The Car Insurance Tightrope in Texas
Stories from Harris County on Affordability & Fair Pricing
The cost of car insurance is a growing part of monthly budgets, and Texas requires that drivers maintain a basic level of liability insurance. Surging costs can lead people to forgo car insurance to make ends meet, and pricing in the market is creating barriers for low- and moderate-income Texans.
This report focuses on insights from a focus group in Harris County, revealing how drivers are navigating an increasingly expensive car insurance market.

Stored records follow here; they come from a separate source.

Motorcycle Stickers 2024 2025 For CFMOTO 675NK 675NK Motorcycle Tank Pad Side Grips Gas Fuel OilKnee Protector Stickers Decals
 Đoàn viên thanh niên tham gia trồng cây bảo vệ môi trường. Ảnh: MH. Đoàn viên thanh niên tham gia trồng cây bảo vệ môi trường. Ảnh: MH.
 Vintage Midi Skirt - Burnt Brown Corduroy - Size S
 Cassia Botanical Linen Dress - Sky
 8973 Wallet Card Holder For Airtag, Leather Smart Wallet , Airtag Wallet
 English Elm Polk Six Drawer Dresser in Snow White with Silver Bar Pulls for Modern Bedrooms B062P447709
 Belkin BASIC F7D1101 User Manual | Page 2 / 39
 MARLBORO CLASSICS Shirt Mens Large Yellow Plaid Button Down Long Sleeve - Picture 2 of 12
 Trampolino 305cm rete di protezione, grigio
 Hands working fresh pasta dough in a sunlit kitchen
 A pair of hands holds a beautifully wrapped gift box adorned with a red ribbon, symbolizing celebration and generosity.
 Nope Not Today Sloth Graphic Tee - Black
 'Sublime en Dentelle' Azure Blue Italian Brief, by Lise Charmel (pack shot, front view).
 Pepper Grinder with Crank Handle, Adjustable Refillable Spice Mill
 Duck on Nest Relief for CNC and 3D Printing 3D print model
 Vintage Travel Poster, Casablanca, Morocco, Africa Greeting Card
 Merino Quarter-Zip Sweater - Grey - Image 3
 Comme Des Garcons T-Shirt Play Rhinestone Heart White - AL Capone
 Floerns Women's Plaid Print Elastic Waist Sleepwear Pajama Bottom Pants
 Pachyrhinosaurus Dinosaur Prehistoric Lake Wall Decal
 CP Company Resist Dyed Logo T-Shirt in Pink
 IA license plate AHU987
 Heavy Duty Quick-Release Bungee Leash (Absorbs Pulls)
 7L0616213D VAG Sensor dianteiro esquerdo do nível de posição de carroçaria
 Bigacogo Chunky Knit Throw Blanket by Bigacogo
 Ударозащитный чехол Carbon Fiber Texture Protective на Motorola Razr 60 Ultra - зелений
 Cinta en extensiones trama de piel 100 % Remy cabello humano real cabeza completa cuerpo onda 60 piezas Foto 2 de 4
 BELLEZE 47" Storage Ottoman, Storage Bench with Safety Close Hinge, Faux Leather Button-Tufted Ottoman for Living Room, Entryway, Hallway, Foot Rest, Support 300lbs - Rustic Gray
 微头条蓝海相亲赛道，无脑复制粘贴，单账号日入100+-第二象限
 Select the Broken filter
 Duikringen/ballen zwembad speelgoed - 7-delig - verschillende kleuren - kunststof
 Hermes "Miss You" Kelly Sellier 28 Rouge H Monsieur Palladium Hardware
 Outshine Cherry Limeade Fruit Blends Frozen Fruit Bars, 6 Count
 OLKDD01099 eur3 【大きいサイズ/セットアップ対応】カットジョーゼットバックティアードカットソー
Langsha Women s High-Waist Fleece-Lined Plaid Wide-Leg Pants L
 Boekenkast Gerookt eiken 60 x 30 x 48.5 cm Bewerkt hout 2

This is the first report in a series, as we will hold focus groups in other regions of Texas to examine this issue with subsequent reports.
Report Authors
Select Top Findings For This Report
- As of September 2025, approximately 12 percent of Texas car owners are uninsured, with the rates reaching 14% to over 20% in 32 counties, including both large urban and smaller rural counties.
- In Harris County, 14.44% of registered vehicles are uninsured.
- Most participants in the focus group had car insurance and paid, on average, $238 per month per car, or $2,856 per year.
- Those with both car insurance and a car payment reported spending, on average, approximately 13% of their monthly household expenses on car payments and 10% of their monthly household expenses on car insurance. Generally, 2% of a monthly budget is the target amount for affordable car insurance. On average, focus group participants paid five times that target amount, indicating that their car insurance is extremely unaffordable.
- Seven participants (47%) noted that they have gone without car insurance while owning a car, and almost all stated that the high cost of car insurance is what prevented them from having it.
- Participants discussed car insurance pricing factors. They rated pricing based on gender, credit score, age, marital status, zip code, and no-fault accidents as unfair.
- Participants viewed at-fault accidents, tickets, and natural disasters as fair factors to consider when pricing car insurance.